I've been in the market for a number of years by now and have done reasonably well without ever having used the tech analysis approach. That's because - (a) I don't know how to work TA and - (b) I have always considered TA to be an agreed approach whereby investors acted in unison by following the prescribed interpretations of the charts. A bit like traffic lights. However, I have no doubts that the method does work because there are many TA practitioners who do get good results. Sometime back a thought crossed my mind that if TA can work for individual stocks - why can't a program using TA be written to automatically select stocks which will appreciate in value? For all I know there may be a number of such programs already in use but, I thought, it would be one hell of a challenge to write another one. But I'd have to do it my way.
The reason why I had to do it my way is because I have no idea how commercial stock market programs work. I soon found that writing this program wasn't exactly a walk in the park but, after a lot of time and lots of effort, I am now seeing a light at the end of the tunnel. About a month back I started running tests to establish if and how my approach performs and am happy to say that at this stage the results are encouraging being better than bank interest by a factor or two.
To test my theories I run two systems, one processing the latest data whilst the other one is running data which is several months old. This second system has selection parameters built in enabling it to identify those stocks which are likely to go up.

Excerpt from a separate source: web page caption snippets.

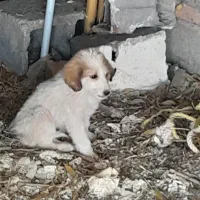 سگ پاکوتاه سرابی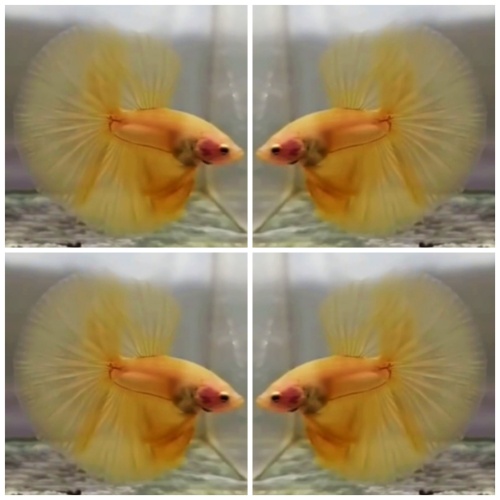 Yellow HM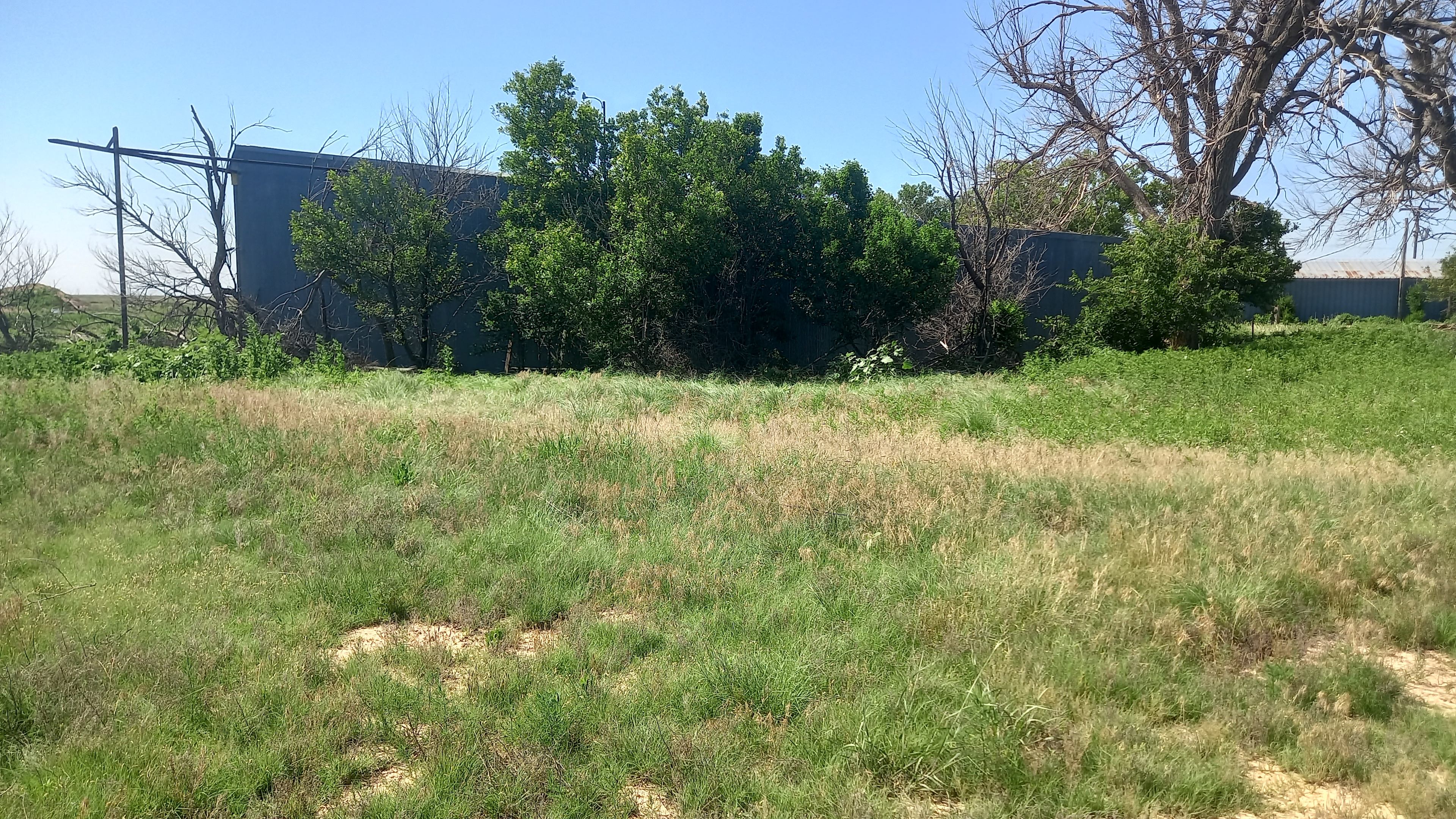 North of Airplane Hangar, tons of parking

At the end of each market day's run I "buy" exactly $1,000 worth of every share that was selected this giving me the numbers of every share "bought". I then display all these stocks using charts that are current, and use the current prices to get the final values.
I started running tests using data as from 07/08/06 and processed every market day, the last one being 24/11/06 - a total of 80 trading days. The runs were terminated progressively starting from 06/02/07 and finishing on 16/02/07. The results are as follows -
Number of shares selected 275
Amount "invested" $275,000
Amount "returned" $371,812
Amount "gained" $96,812
% "Gained" 35.2%
Six shares more than doubled in value and four shares lost more than 40%. Overall 64 shares returned losses whilst 211 shares returned gains. On an average there were 3.4 selections per day. More stocks per day were selected in the August-September period than in the October-November period. Also, gains were lower in the latter period, possibly due to the reduction in run time.
Of course I am ignoring brokerages and CGT.
There were a couple of unexpected results -
1. I expected to see best gains from stocks that had dropped down to the bottom third of their annual price range. That wasn't the case. Best gains came from stocks that were in the top third of their annual price range. Very few came from the bottom range or even the middle range. This could be due to the parameters used in the selection filter.
2. If I was monitoring these stocks from the day they were "bought", the final result wouldn't have been as good. This is because I'd have sold a lot of them on the first significant dip. As it was they dipped and corrected and came up with reasonable final results.
At this stage I believe that better results are possible by doing some vetting of the selected stocks before "buying" them. Some improvement can be gained by modifying the selection filter, though this will require some deep thinking. Also, this program was written using only the daily closing prices without giving any consideration to volumes, except for rejecting all stocks whose annual daily average of shares traded was below 100k. I had looked at volumes but so far haven't been able to recognise any consistent patterns which I could use in this program. Certainly a possibility in the future.
I am looking forward to receiving some comments.